Keep each entry exactly as written when you repeat it, and skip the images.

Stored records:
|---|

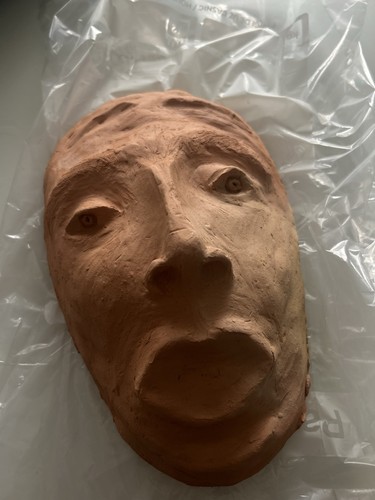 Selbstgemachte tonfigur - selbstgemachte,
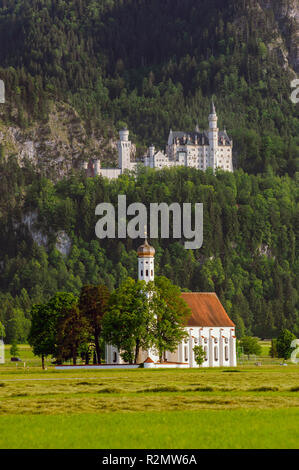 Schloss Neuschwanstein und Wallfahrtskirche St. Coloman im Allgäu Stockfoto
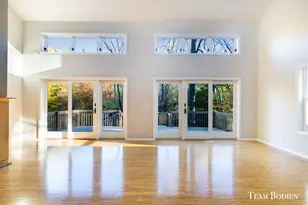 3442 Cascade Rd SE, Grand Rapids, MI 49546 - Photo 9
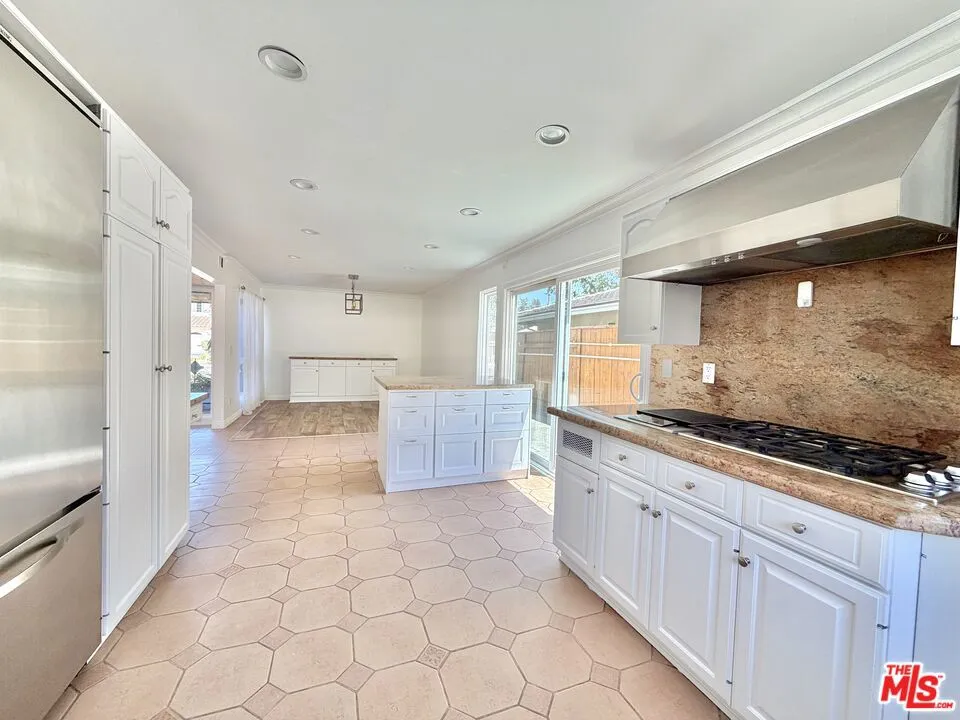 1615 Wellington Place Westlake Village, CA 91361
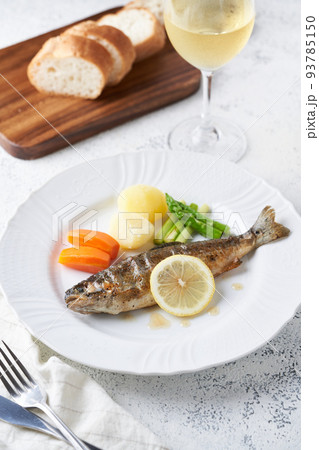 ニジマスのムニエル 93785150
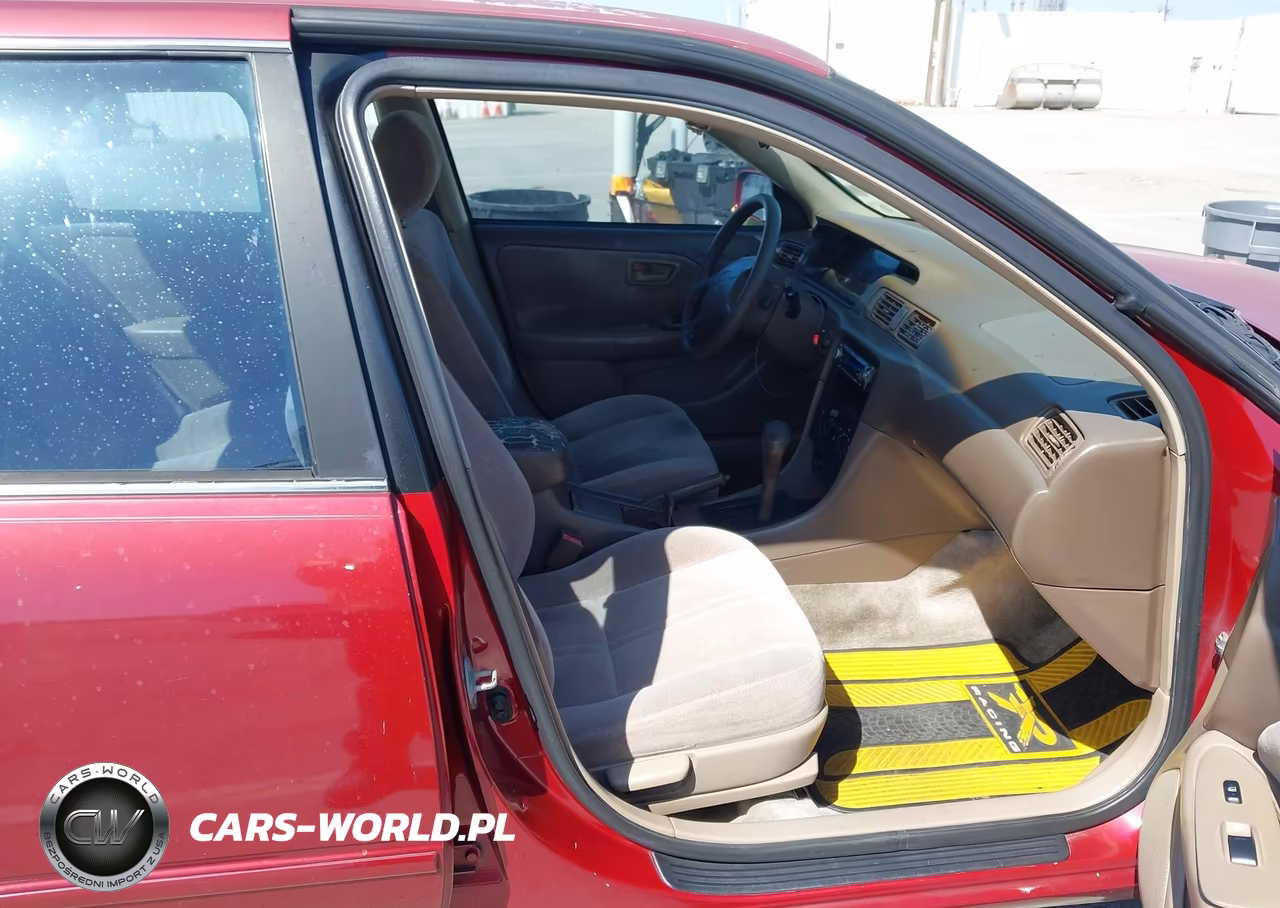 1998 Toyota Camry Le VIN:JT2BG22K1W0155771 - 5
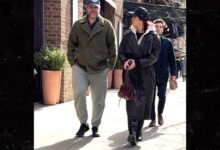 Дејвид Харбор излази са мистериозном женом док прескаче венчање Маје Хоук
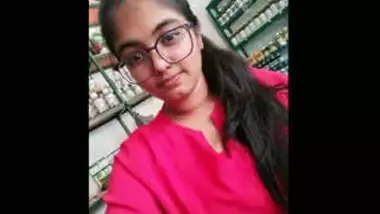 Big Booby Super Cute Sri Lankan Girl with Specs Leaked Videos Part 1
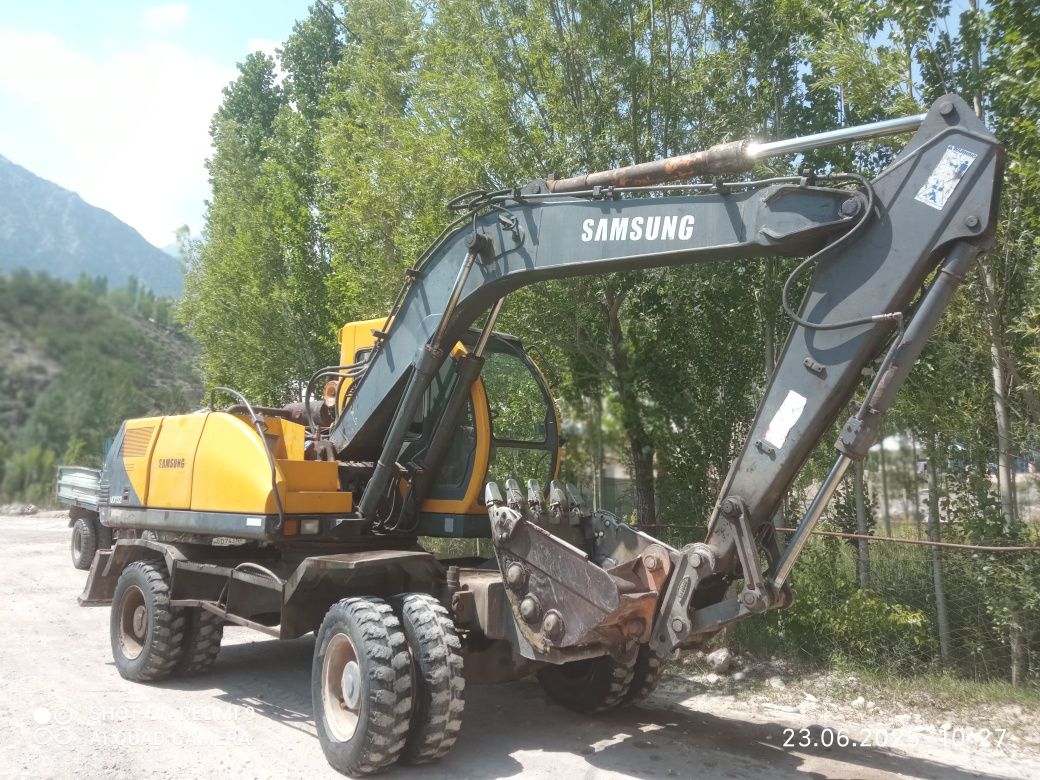 Ekskavator samsung 132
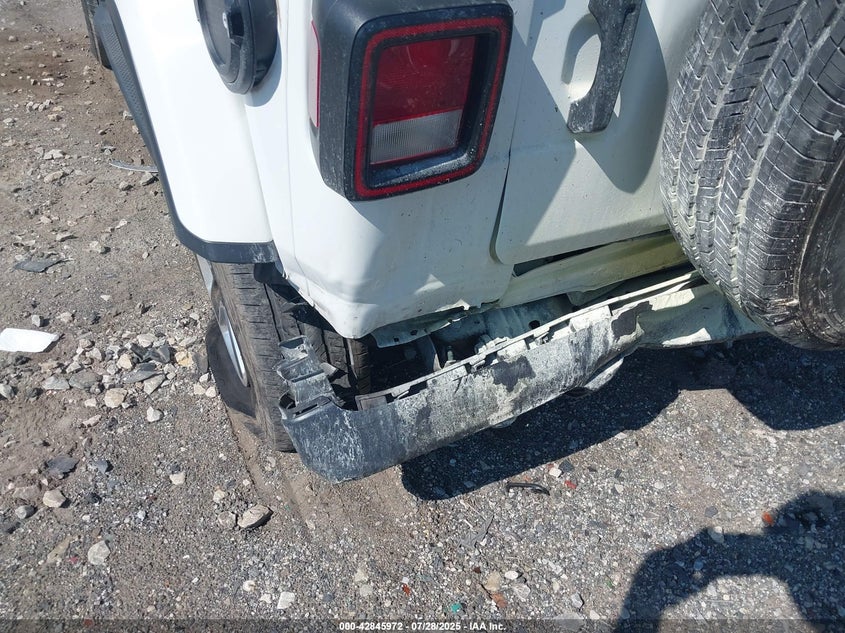 2020 Jeep Wrangler unlimited VIN 1C4HJXEN5LW339254 IAAI salvage auction — REAR END, Salvage (Pennsylvania), sold $8,300 on 2026-07-24 (photo 6)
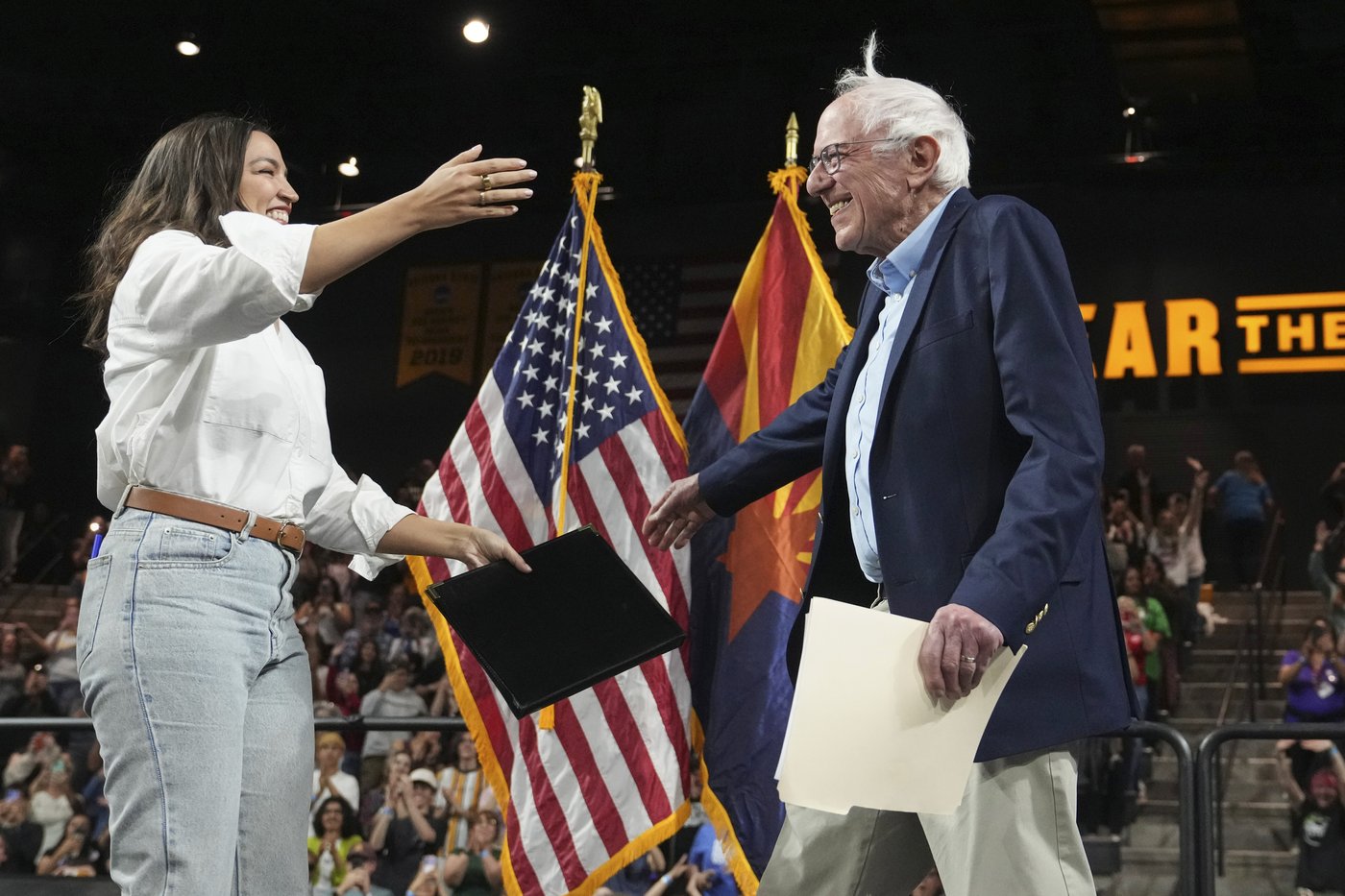 Bernie Sanders and AOC are popular with Democrats. Here's a timeline of their alliance | iNFOnews.ca Bernie Sanders and AOC are popular with Democrats. Here's a timeline of their alliance | iNFOnews.ca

|---|

**Solution below:**
 Selbstgemachte tonfigur - selbstgemachte,
 Schloss Neuschwanstein und Wallfahrtskirche St. Coloman im Allgäu Stockfoto
 3442 Cascade Rd SE, Grand Rapids, MI 49546 - Photo 9
 1615 Wellington Place Westlake Village, CA 91361
 ニジマスのムニエル 93785150
 1998 Toyota Camry Le VIN:JT2BG22K1W0155771 - 5
 Дејвид Харбор излази са мистериозном женом док прескаче венчање Маје Хоук
 Big Booby Super Cute Sri Lankan Girl with Specs Leaked Videos Part 1
 Ekskavator samsung 132
 2020 Jeep Wrangler unlimited VIN 1C4HJXEN5LW339254 IAAI salvage auction — REAR END, Salvage (Pennsylvania), sold $8,300 on 2026-07-24 (photo 6)
 Bernie Sanders and AOC are popular with Democrats. Here's a timeline of their alliance | iNFOnews.ca Bernie Sanders and AOC are popular with Democrats. Here's a timeline of their alliance | iNFOnews.ca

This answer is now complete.